*** DATA SECTION ***

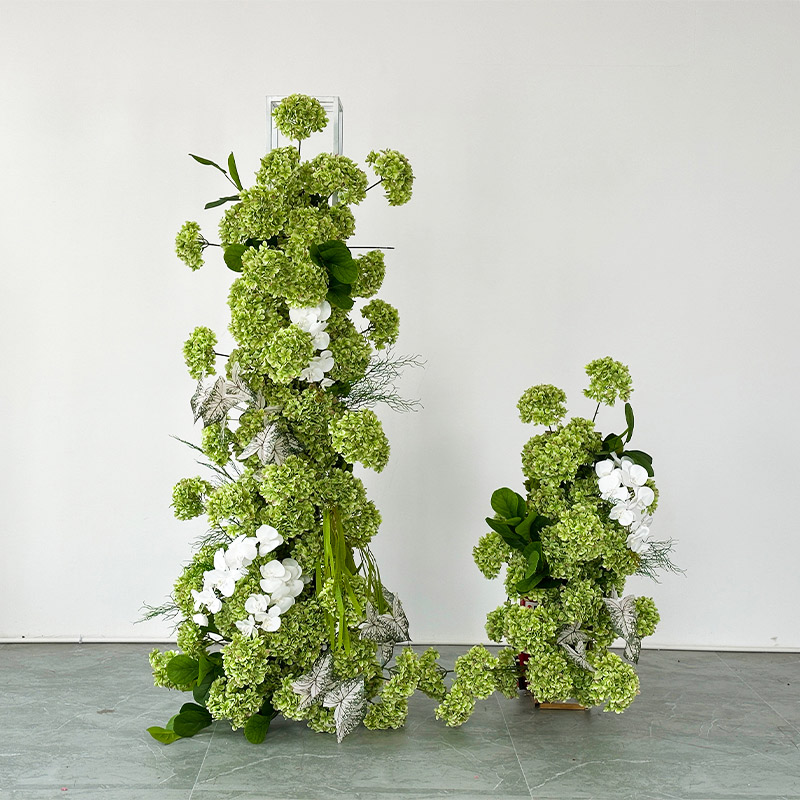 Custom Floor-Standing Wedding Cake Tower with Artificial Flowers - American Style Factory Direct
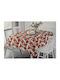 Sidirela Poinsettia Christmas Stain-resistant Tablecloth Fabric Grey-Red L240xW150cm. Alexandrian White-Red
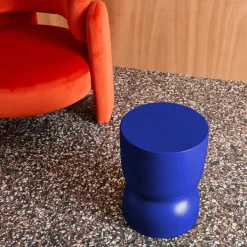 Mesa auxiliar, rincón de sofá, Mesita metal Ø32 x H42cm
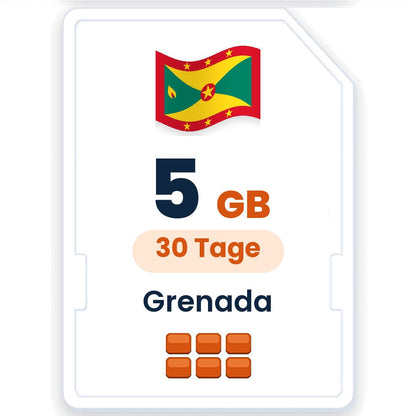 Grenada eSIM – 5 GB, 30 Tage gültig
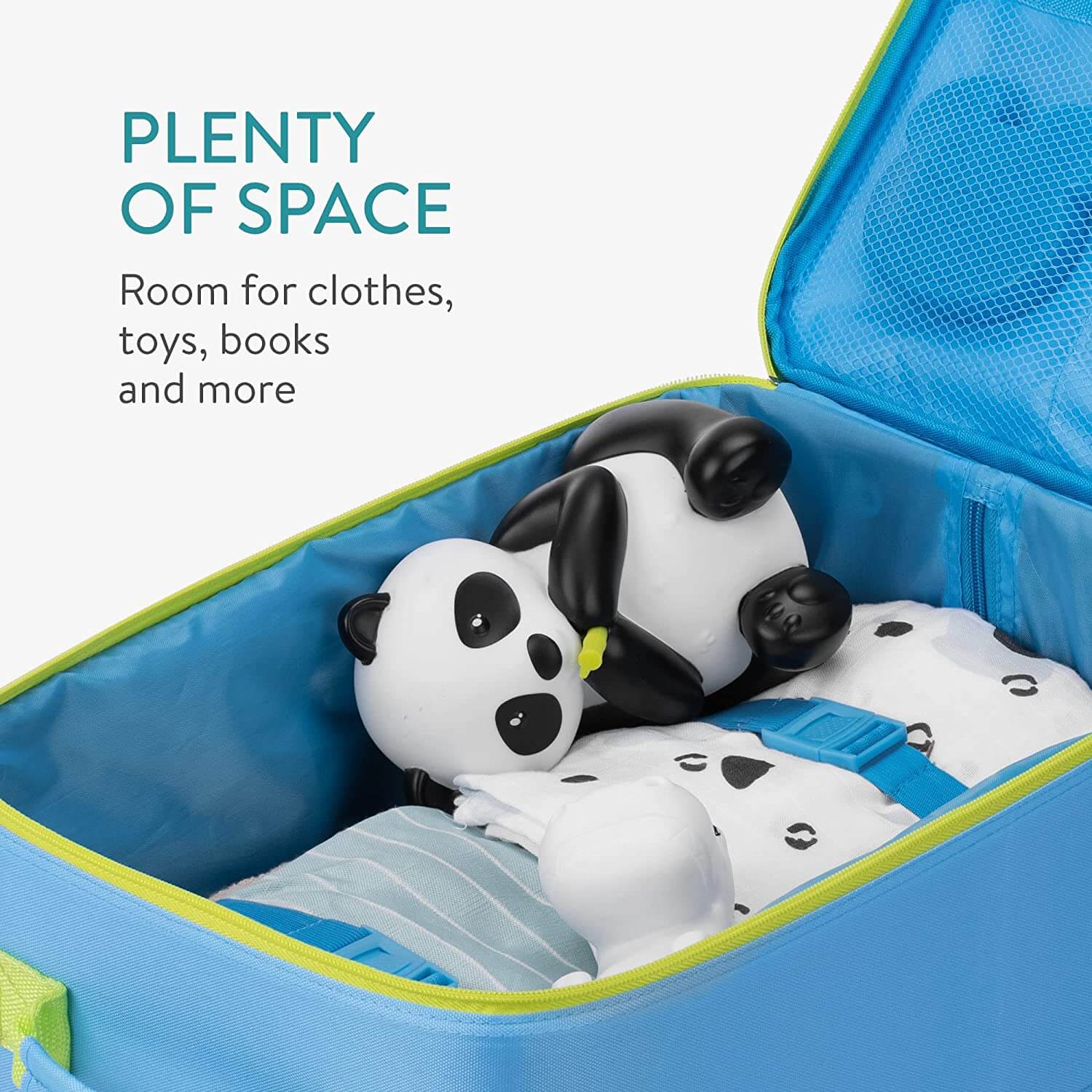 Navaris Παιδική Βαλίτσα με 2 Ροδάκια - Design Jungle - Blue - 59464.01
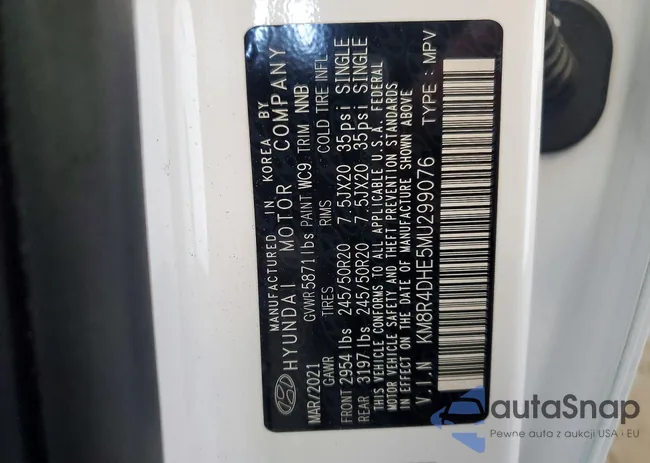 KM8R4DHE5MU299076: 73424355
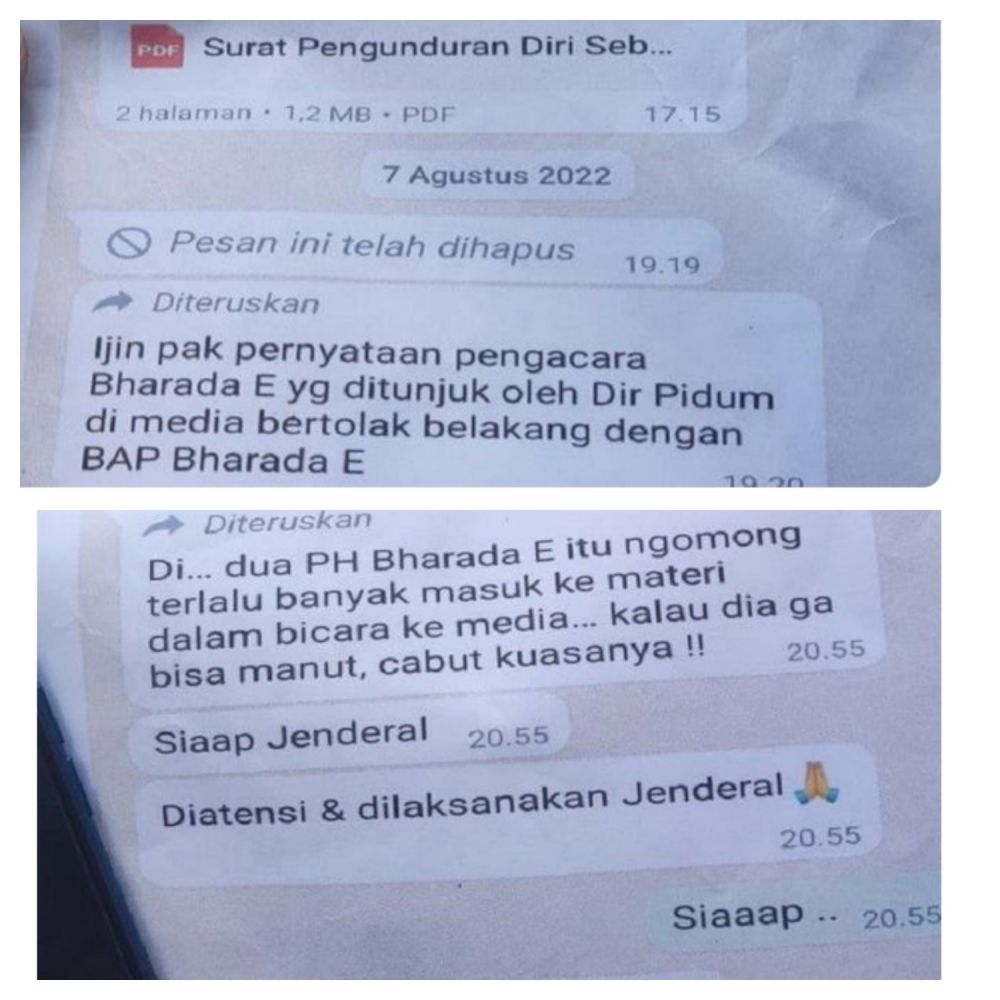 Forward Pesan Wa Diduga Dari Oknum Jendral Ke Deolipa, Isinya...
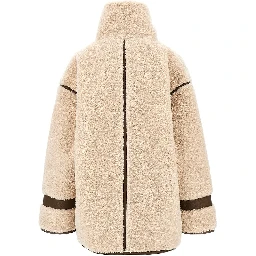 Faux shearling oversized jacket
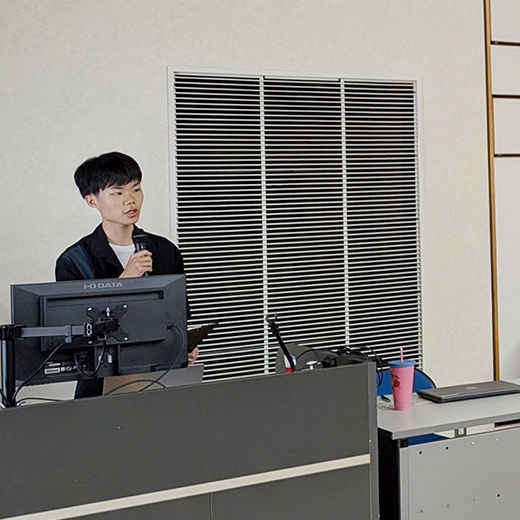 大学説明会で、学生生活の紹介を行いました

***

Although the records above include pictures, the copy must contain only their exact text.

OUTPUT OF THE EXERCISE
 Custom Floor-Standing Wedding Cake Tower with Artificial Flowers - American Style Factory Direct
 Sidirela Poinsettia Christmas Stain-resistant Tablecloth Fabric Grey-Red L240xW150cm. Alexandrian White-Red
 Mesa auxiliar, rincón de sofá, Mesita metal Ø32 x H42cm
 Grenada eSIM – 5 GB, 30 Tage gültig
 Navaris Παιδική Βαλίτσα με 2 Ροδάκια - Design Jungle - Blue - 59464.01
 KM8R4DHE5MU299076: 73424355
 Forward Pesan Wa Diduga Dari Oknum Jendral Ke Deolipa, Isinya...
 Faux shearling oversized jacket
 大学説明会で、学生生活の紹介を行いました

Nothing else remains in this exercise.